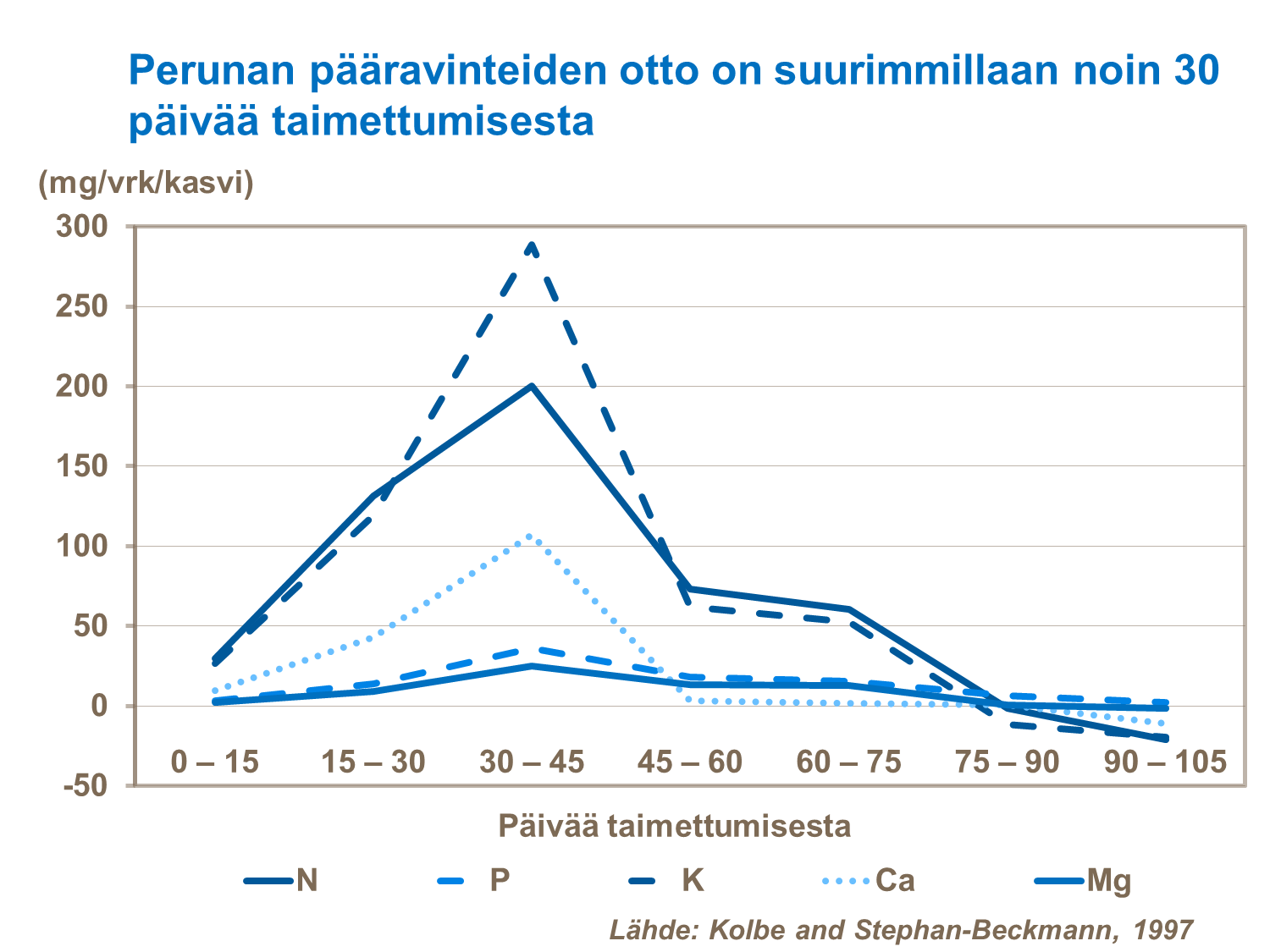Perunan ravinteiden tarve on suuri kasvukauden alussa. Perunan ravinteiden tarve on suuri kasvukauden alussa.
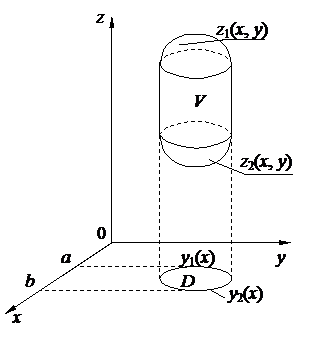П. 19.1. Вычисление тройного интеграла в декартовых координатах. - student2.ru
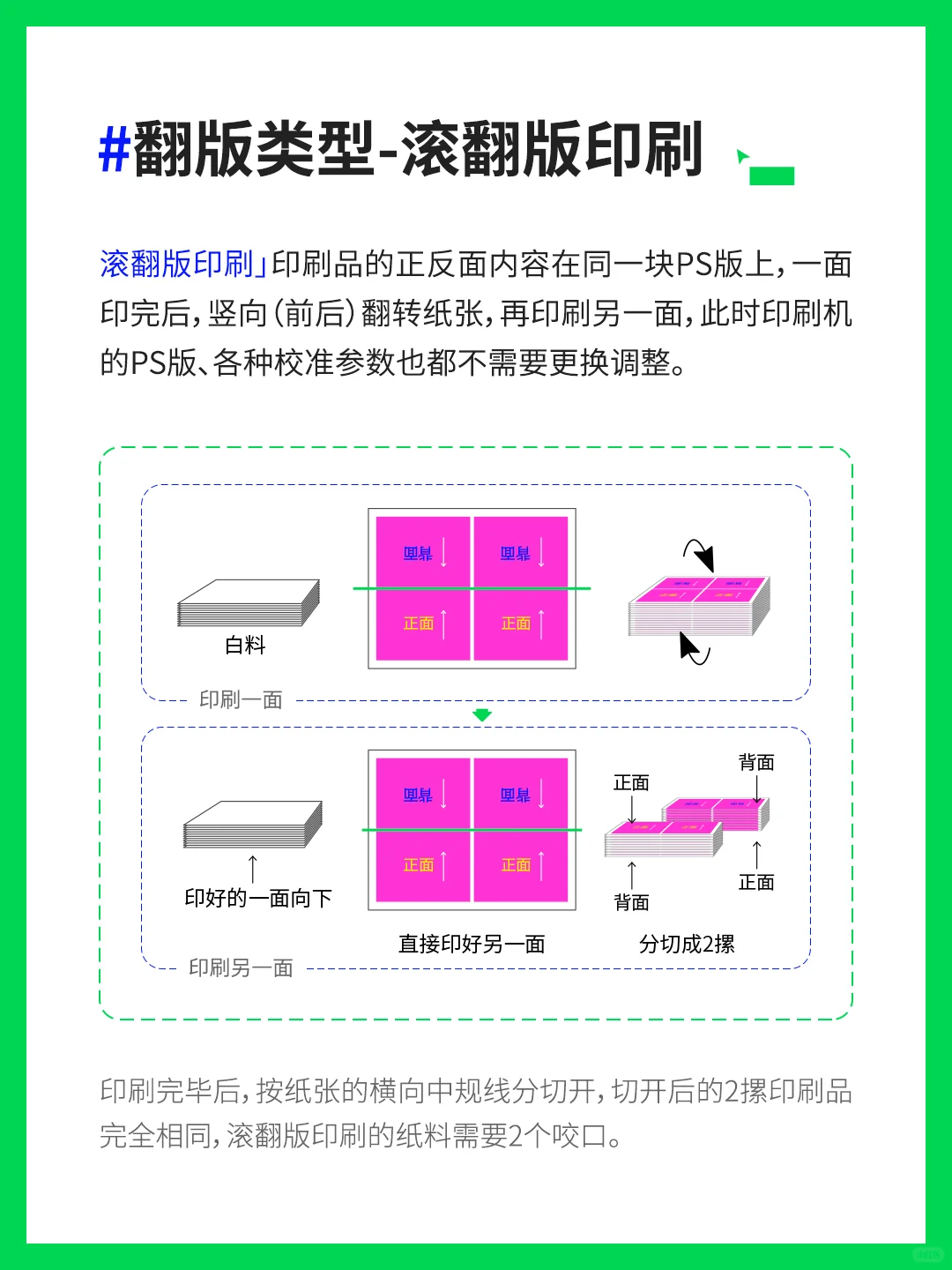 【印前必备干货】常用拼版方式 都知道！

==

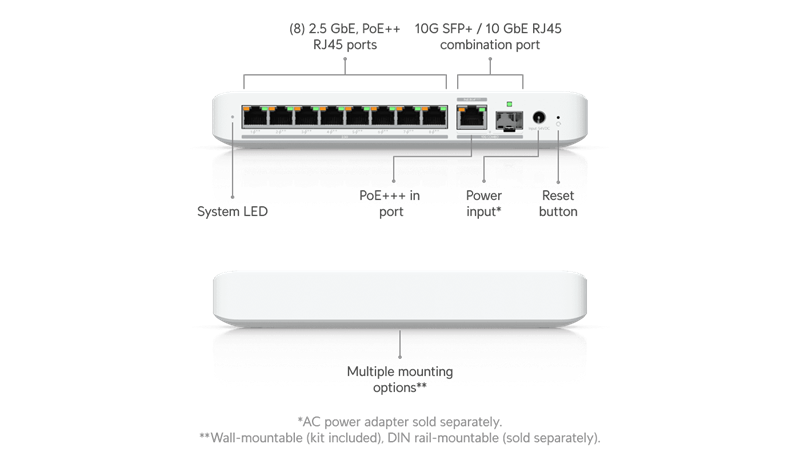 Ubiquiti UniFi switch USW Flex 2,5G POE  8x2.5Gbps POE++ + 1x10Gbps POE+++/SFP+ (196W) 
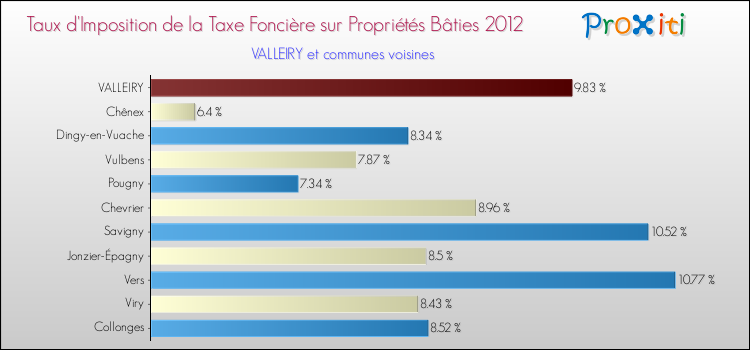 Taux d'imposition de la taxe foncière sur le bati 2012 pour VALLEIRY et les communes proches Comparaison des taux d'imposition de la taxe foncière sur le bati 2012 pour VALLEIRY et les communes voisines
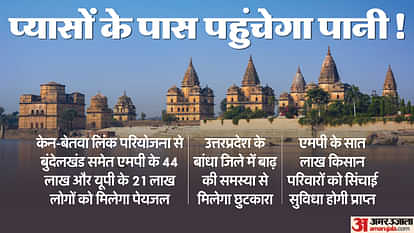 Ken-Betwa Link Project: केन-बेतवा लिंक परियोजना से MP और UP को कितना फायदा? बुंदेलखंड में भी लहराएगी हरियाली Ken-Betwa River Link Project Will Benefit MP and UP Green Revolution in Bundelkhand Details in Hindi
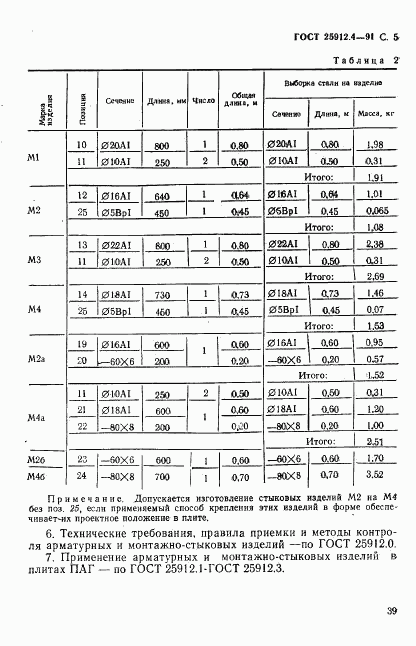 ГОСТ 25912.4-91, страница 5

* * *

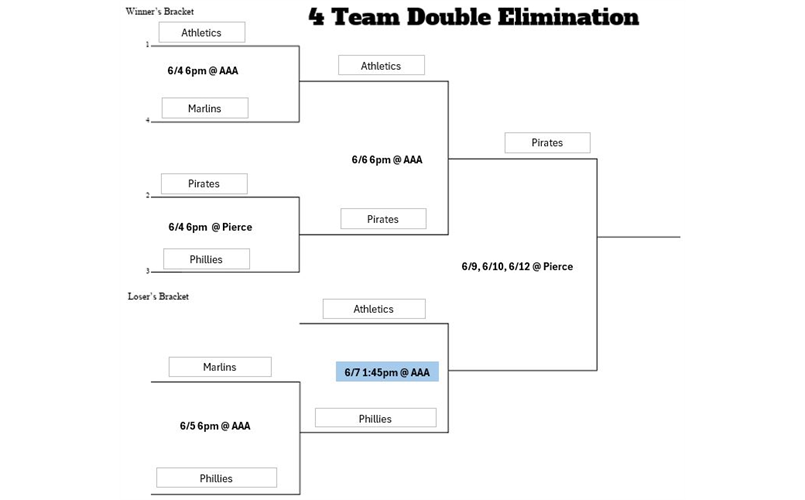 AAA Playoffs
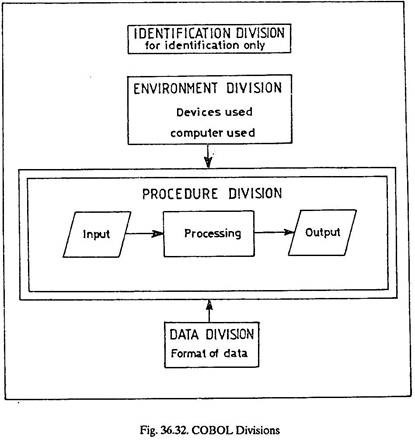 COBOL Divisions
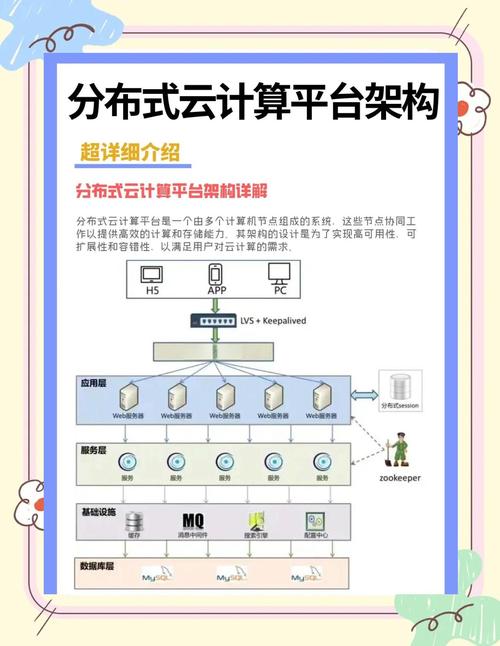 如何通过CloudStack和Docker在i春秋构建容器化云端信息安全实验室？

* Exercise aim
I'd like the lines above repeated exactly, from the one that contains "les communes voisines" through the one that contains "ГОСТ 25912.4-91, страница 5", with no pictures.

* Answer to the problem
 Taux d'imposition de la taxe foncière sur le bati 2012 pour VALLEIRY et les communes proches Comparaison des taux d'imposition de la taxe foncière sur le bati 2012 pour VALLEIRY et les communes voisines
 Ken-Betwa Link Project: केन-बेतवा लिंक परियोजना से MP और UP को कितना फायदा? बुंदेलखंड में भी लहराएगी हरियाली Ken-Betwa River Link Project Will Benefit MP and UP Green Revolution in Bundelkhand Details in Hindi
 ГОСТ 25912.4-91, страница 5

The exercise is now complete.